By combining these sources, the model captures the **critical early period of epidemic arrival and restriction** in Europe, even while accepting limited visibility into non-European transit (e.g., via Middle East hubs).

> While airports like Dubai or Doha were important global transfer points in February, this thesis focuses on **direct seeding from China** and **intra-European flows**. Modeling later pandemic phases or full global mobility networks exceeds the practical scope of this project.

### 4.6 Correlation with Excess Mortality

Following simulation of epidemic arrival timing across Europe using the adjusted SIR model, these predicted **arrival ranks** will be compared with national **excess mortality rates** to explore whether early seeding corresponded with worse mortality outcomes ([The Economist 2021](#ref-theeconomist2021)).

An upcoming short communication by Neuwirth & Elixhauser (202x, in prep.) explores how socioeconomic factors—such as GDP, median age, healthcare capacity, and vaccination coverage—interact within a causal system influencing COVID-19 mortality. While the focus is global and system-oriented, the findings reinforce the importance of European data due to its high reliability and completeness—further justifying the Europe-centric approach taken in this thesis.

> *While including additional socioeconomic controls would deepen the analysis, this lies beyond the scope of this thesis. Nevertheless, the correlation between arrival timing and mortality provides meaningful insight into early pandemic dynamics.*

### 4.7 Excess Mortality Data

To estimate country-level excess mortality during Europe’s first COVID-19 wave, this thesis uses values published by **The Economist** ([The Economist 2021](#ref-theeconomist2021)). Their model estimates **excess deaths** by imputing missing official data using machine learning, as detailed in [their methodological article](https://www.economist.com/graphic-detail/2021/05/13/how-we-estimated-the-true-death-toll-of-the-pandemic).

Although these estimates carry uncertainty—especially for countries with weak death registration systems—they provide one of the **most consistent global sources** of excess mortality. For this thesis, aggregated values from **January to April 2020** are used, focusing on the **first European wave** and avoiding the confounding effects of later interventions, variants, and vaccine rollouts.

## 5 Advanced Research Question & Hypothesis

### 5.1 Research Question

> Does the timing of epidemic seeding—estimated from integrated air traffic data (OpenSky for January–February and April; Eurocontrol for March 2020)—correlate with higher excess mortality during the first wave of COVID-19 in Europe?

### 5.2 Hypothesis

This thesis hypothesizes that **countries experiencing earlier epidemic seeding**, as inferred from the integrated flight network analysis (January–April 2020), will exhibit **higher first-wave excess mortality**. While additional socioeconomic controls (e.g., GDP, healthcare access, vaccination rates) would enhance causal inference, this study deliberately focuses on the **direct association** between epidemic arrival timing and mortality outcomes. These factors are acknowledged as important contextual variables but remain outside the immediate analytical scope.
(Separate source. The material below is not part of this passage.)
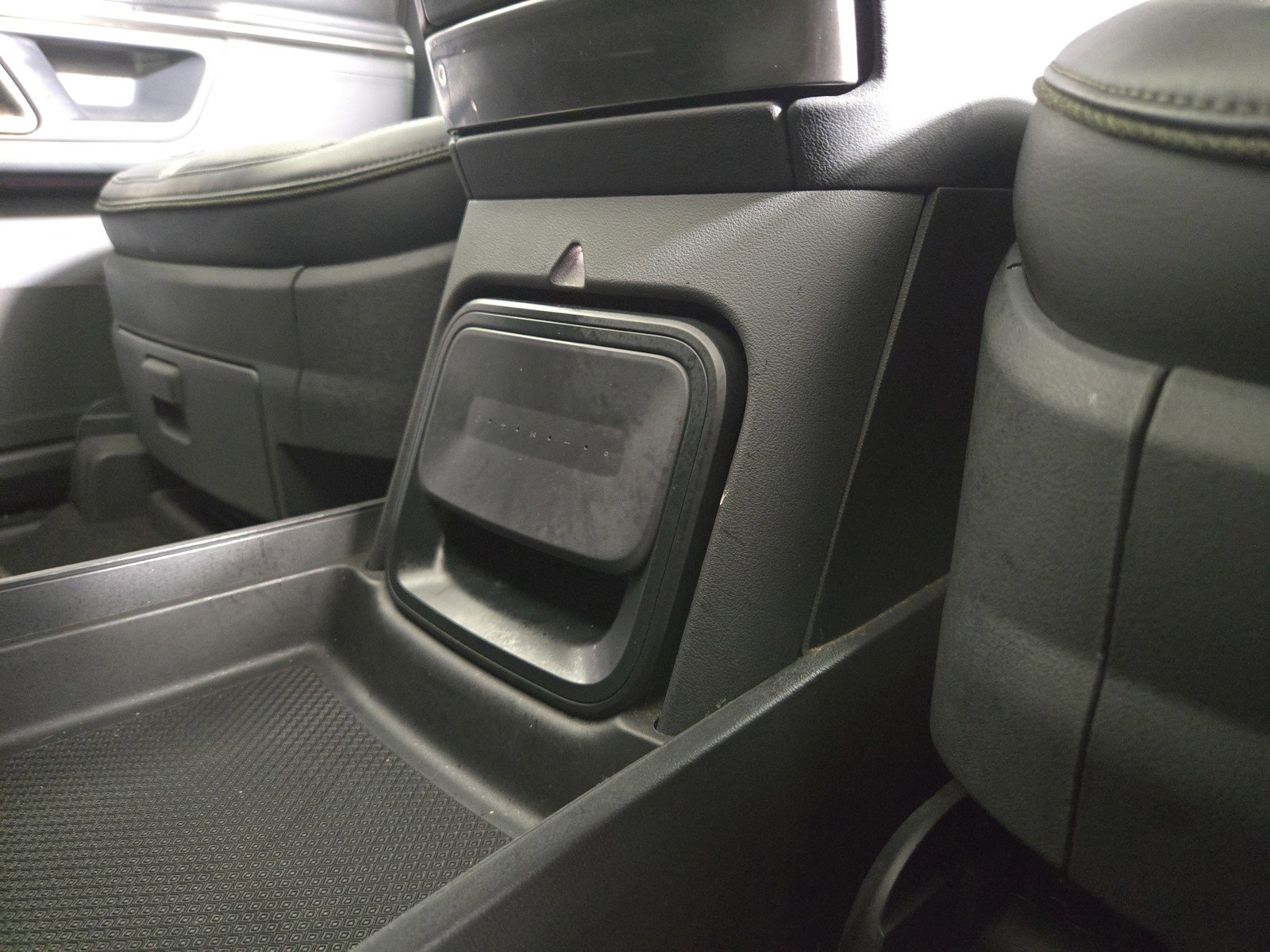 Used 2022 Rivian R1T Launch Edition image 31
The proposed mechanism underlying this association includes:

-   **Reduced time for intervention**:  
    Early-seeded countries likely had less time to implement effective non-pharmaceutical interventions (NPIs), contributing to faster spread and higher initial case loads.
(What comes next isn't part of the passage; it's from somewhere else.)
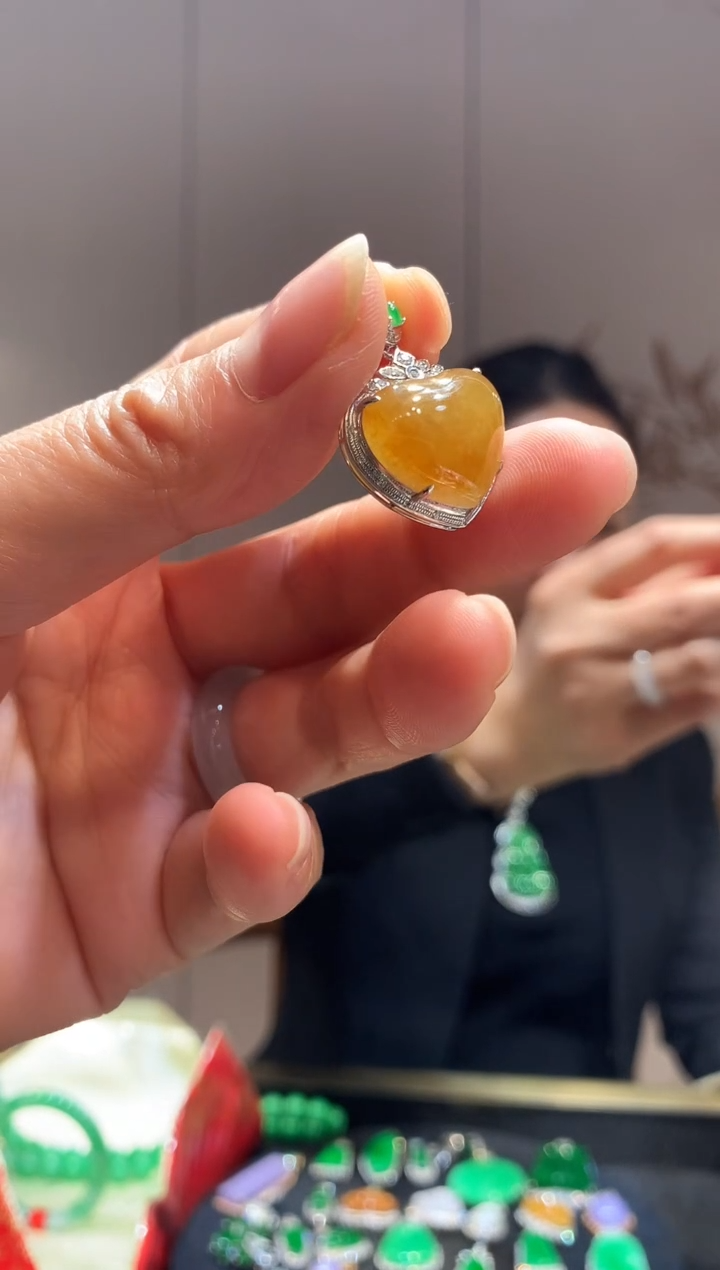 【闪购商品】翡翠吊坠(不含链)18K金镶嵌黄桃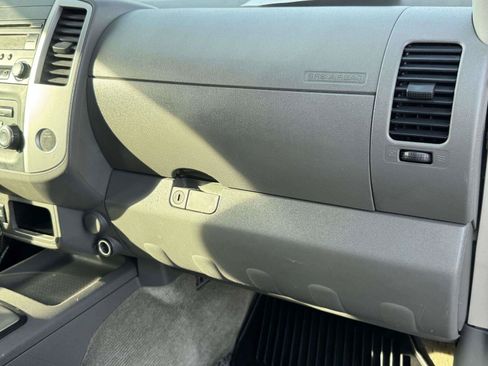 Used 2015 Nissan Frontier S RWD image 49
-   **Increased strain on healthcare systems**:  
    Health infrastructure may have been overwhelmed more quickly in countries where the virus arrived early, exacerbating mortality rates.

-   **Greater exposure via international hubs**:  
    High-traffic airports (e.g., Frankfurt, Paris, London) likely acted as primary entry points, intensifying early epidemic dynamics in densely connected regions.
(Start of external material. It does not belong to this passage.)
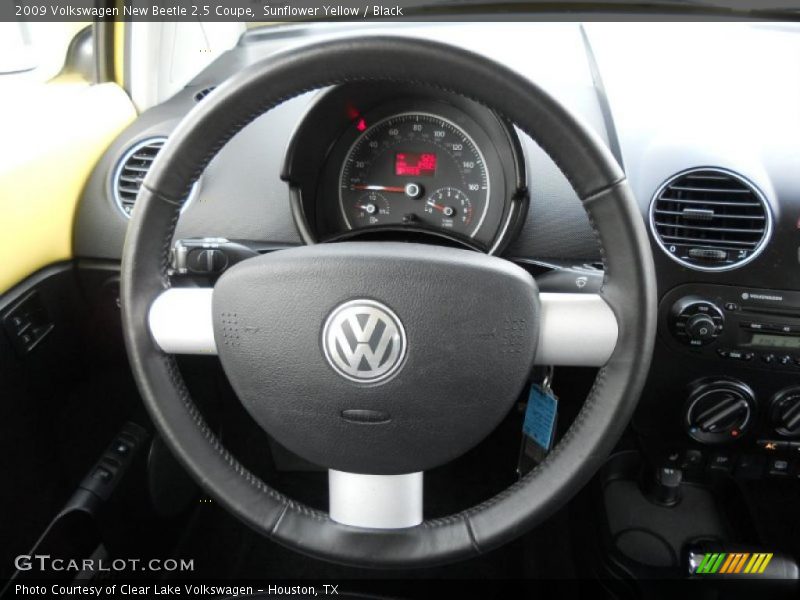 Sunflower Yellow / Black 2009 Volkswagen New Beetle 2.5 Coupe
By integrating OpenSky and Eurocontrol data, the Europe-centric simulation model aims to **reconstruct early seeding patterns** and examine whether they correlate meaningfully with observed cross-national differences in excess mortality.

## 6 Research Design and Methodology

Following the recommendation of my **supervisor (March 14, 2025)**, the analysis deliberately avoids **complex agent-based modeling (ABM)** in favor of a **simplified, yet informative, network-based SIR model** ([Brockmann and Helbing 2013](#ref-brockmann2013)). This modeling choice is grounded in:

-   **Feasibility**:  
    Avoids excessive parameter tuning and simulation complexity, aligning with the limited timeline (~300 hours) of a bachelor’s thesis.  
-   **Data compatibility**:  
    Aggregated flight flows between airports can be meaningfully represented as weighted network edges.  
-   **Preservation of key dynamics**:  
    The model captures essential characteristics of epidemic seeding and early spread, sufficient for exploratory correlation with mortality outcomes.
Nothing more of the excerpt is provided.